According to the non-profit, non-partisan Center for Responsive Politics, Mr. Schumer has received almost a million dollars from the insurance lobby during his Senate career. He has also received another seven million dollars combined from commercial banks and investment companies, many of whom were also intertwined with insurance companies (bailout recipient AIG being the most devestatingly notorious.) Sorry, New York citizens, but those are obviously Mr. Schumer's real constituents, as this horrible health care capitulation makes clear.

From what I can tell, Schumer simply proposes a new insurance plan designed almost identically to the failed private model, with the single exception that no one can be turned down. Here are the main pillars of the compromise as reported by the Times (with my responses in red):

  • The public plan must be self-sustaining. It should pay claims with money raised from premiums and co-payments. It should not receive tax revenue or appropriations from the government.
So, apparently we can give billions of tax dollars to failed private ventures like banks and auto companies, but Schumer will be damned if we dip into any tax dollars for affordable health care for regular citizens. Instead, let's just have the government create a private-style company dependent on high premiums and call it "public." I mean, people really just like the word "public," right? Affordability is hardly the point.

  • The public plan should pay doctors and hospitals more than what Medicare pays. Medicare rates, set by law and regulation, are often lower than what private insurers pay.
Thanks again, Chuck! I appreciate you lobbying AGAINST discounts for consumers. After all, discounts might make the plan more affordable which is apparently what you aim to disrupt. Besides, how can a hospital hope to make a profit by only charging $8 per Tylenol instead of $10?

  • The government should not compel doctors and hospitals to participate in a public plan just because they participate in Medicare.
Now you're talkin'! Let's make this baby as inaccessible as possible. That's like a three-for-one in your effort to keep this thing from competing with your insurance buddies. Limiting access means limiting growth which means limiting bargaining power which means... You guessed it!
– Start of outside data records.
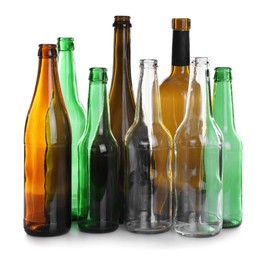 Photo of Many different glass bottles on white background. Recycling rubbish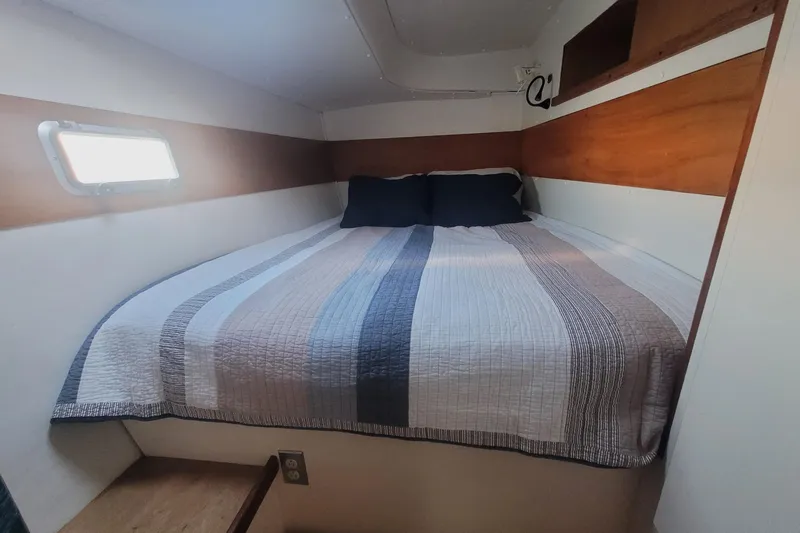 Ki Zen Yacht Photos Pics Cozy cabin bedroom in 1995 Lagoon TPI boat with striped bedding and wooden accents.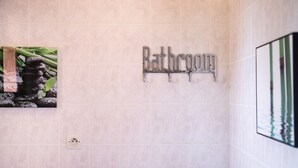 A bathroom sign with a modern design, a tiled wall, and a framed picture.
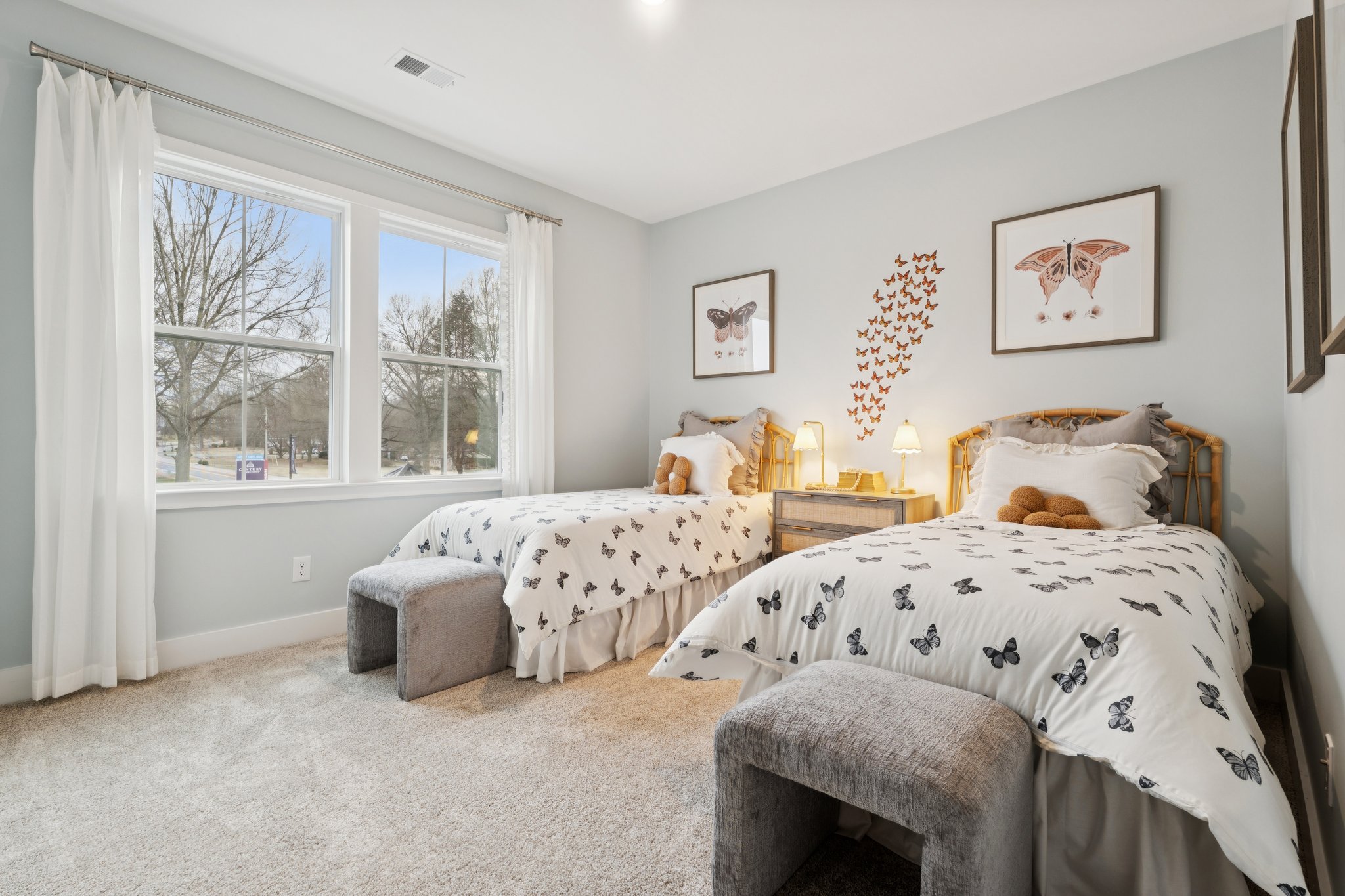 A bedroom with a bed and a chair.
Higher prices!

  • To prevent the government from serving as both “player and umpire,” the officials who manage a public plan should be different from those who regulate the insurance market.
You are so on fire, Chuck! Let's not give this "public" thing too much power. We don't want the dirty, rotten government that we, the taxpayers, own to have a leg up on those private, corporate insurance companies whose greed created this health care crisis in the first place.

Look, Schumer, I know you're in a tough spot here. On the one hand we, the taxpayers, pay your salary and vote you into your job. But on the other hand, those healthy campaign contributions the insurance companies give you provide the means to keep your sweet-ass job. And, besides, your insurance buddies have pinky-sweared to clean up their own act, according to the same Times article:

"Karen M. Ignagni, president of America’s Health Insurance Plans, a trade group, said, 'We are very, very grateful that members of Congress have been thoughtfully looking at our concerns.' But she said she still saw no need for a public plan 'if you have much more aggressive regulation of insurance,' which the industry has agreed to support."
So, the insurance companies are now publicly lobbying for "more aggressive regulation" of their own industry! Now, a true public servant might realize that when an industry makes their desperation that plainly obvious, you kind of have them by the short and curlies. Instead, Schumer labors to devise a "public" plan so watered down, ineffective, and uncompetitive that the private insurance lobby could actually endorse it. Schumer continues the Washington tradition of creating the perception of reform while continuing to cash in on the status quo. In other words, Dr. Schumer's Magic Healthcare Tonic is nothing more than snake oil culled from his own greased palms.